White returned as a starter in week 17 against the Seattle Seahawks, but struggled as he passed for 240 yards with two interceptions and a fumble lost in a 6–23 defeat. On January 6, 2023, it was revealed that he had been playing through five broken ribs, and he was ruled out for the season finale against the Dolphins.

===Miami Dolphins===
On March 16, 2023, White signed a two-year contract with the Miami Dolphins. He was the backup quarterback behind Tua Tagovailoa. He appeared in 6 games, making 5-of-6 passes for 74 yards, including a 68-yard touchdown pass to Robbie Chosen, during garbage time in a 70–20 win against the Denver Broncos.

In 2024, he was passed on the depth chart by Skylar Thompson in the course of the preseason. On August 25, 2024, White was released after the Dolphins decided to keep only 2 quarterbacks on the roster.

===Buffalo Bills===
On August 28, 2024, White signed with the Buffalo Bills on their practice squad, with primary backup quarterback Mitchell Trubisky expected to miss the early part of the season due to injury.

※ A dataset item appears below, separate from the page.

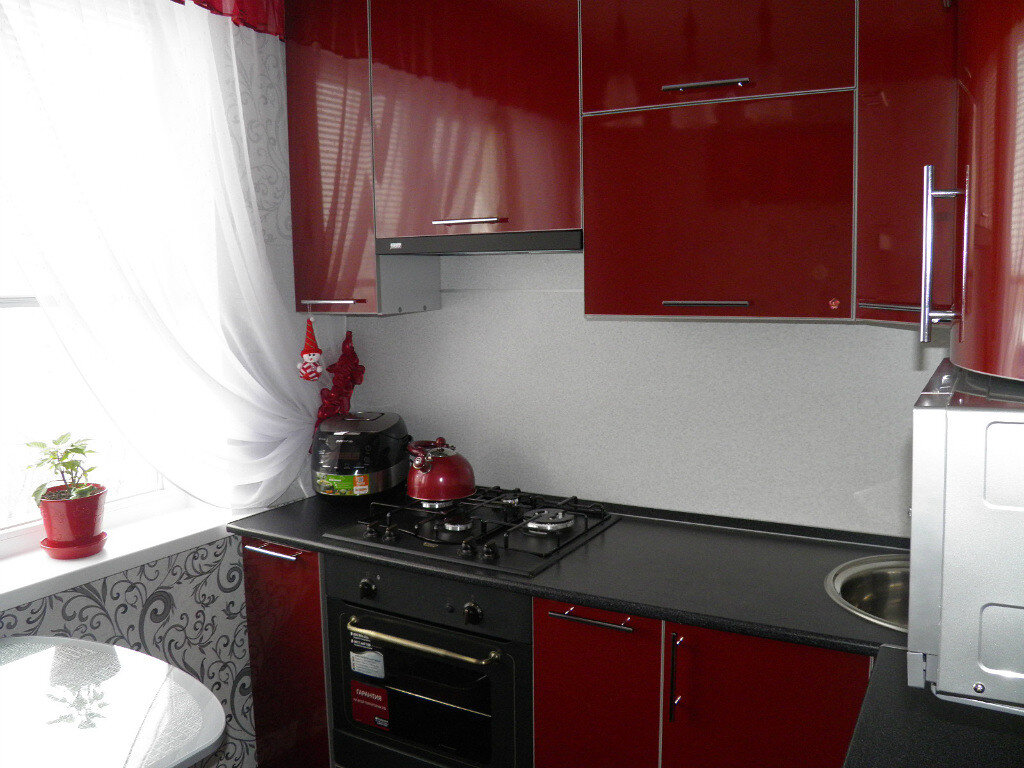 Красная кухня в интерьере в хрущевке (44 фото)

In his first interview with the press since the signing, White quipped that his "only condition" for signing with the Bills was he couldn't "be locker mates with Matt Milano", who had laid the hit that broke his ribs during the 2022 Bills–Jets game. White was elevated from the practice squad to the active roster for the team's December 1 game against the San Francisco 49ers.

On January 3, 2025, the Bills signed White to their active roster, and extended him through the 2025 season. On August 26, White was released by the Bills as part of final roster cuts.

===Cincinnati Bengals===
On September 16, 2025, White was signed to the Cincinnati Bengals' practice squad. He was released on October 7.

===Carolina Panthers===
On October 21, 2025, White was signed to the Carolina Panthers' practice squad. On October 30, White was signed to Carolina's active roster. He was released on November 8 and re-signed to the practice squad three days later.

==Career statistics==

===NFL===

Year: Team; Games; Passing; Rushing; Sacks; Fumbles
GP: GS; Record; Cmp; Att; Pct; Yds; Y/A; Lng; TD; Int; Rtg; Att; Yds; Avg; Lng; TD; Sck; SckY; Fum; Lost
2018: DAL; 0; 0; —; DNP
2019: NYJ; 0; 0; —
2020: NYJ; 0; 0; —
2021: NYJ; 4; 3; 1–2; 88; 132; 66.7; 953; 7.2; 28; 5; 8; 75.1; 5; −1; −0.2; 2; 0; 4; 18; 0; 0
2022: NYJ; 4; 4; 1–3; 103; 175; 58.9; 1,192; 6.8; 60; 3; 4; 75.7; 6; 9; 1.5; 4; 1; 9; 76; 2; 1
2023: MIA; 6; 0; —; 5; 6; 83.3; 74; 12.3; 68; 1; 1; 118.1; 8; −9; −1.1; 0; 0; 0; 0; 1; 1
2024: BUF; 1; 0; —; 3; 11; 27.3; 28; 2.5; 14; 0; 0; 39.6; 0; 0; 0.0; 0; 0; 0; 0; 0; 0
2025: CAR; 0; 0; —; DNP
Career: 15; 7; 2–5; 199; 324; 61.4; 2,247; 6.9; 68; 9; 13; 74.7; 19; −1; −0.1; 4; 1; 13; 94; 3; 2

===College===

| Season | Team | Games |  | Passing |  |  |  |  |  |  |  |  |
| GP | GS | Cmp | Att | Pct | Yds | Avg | Lng | TD | Int | Rtg |
| 2013 | South Florida | 6 | 5 | 93 | 175 | 53.1 | 1,083 | 6.2 | 73 | 3 | 9 | 100.5 |
| 2014 | South Florida | 11 | 10 | 122 | 242 | 50.4 | 1,639 | 6.8 | 85 | 8 | 7 | 112.4 |
| 2015 | Western Kentucky | Did not play due to NCAA transfer rules |  |  |  |  |  |  |  |  |  |  |
| 2016 | Western Kentucky | 14 | 14 | 280 | 416 | 67.3 | 4,363 | 10.5 | 87 | 37 | 7 | 181.4 |
| 2017 | Western Kentucky | 13 | 13 | 368 | 560 | 65.7 | 4,177 | 7.5 | 93 | 26 | 8 | 140.8 |
| Career |  | 44 | 42 | 863 | 1,393 | 62.0 | 11,262 | 8.1 | 93 | 74 | 31 | 142.9 |

==Personal life==
White is married to Mallory White. The couple have two children together: a twin son and daughter.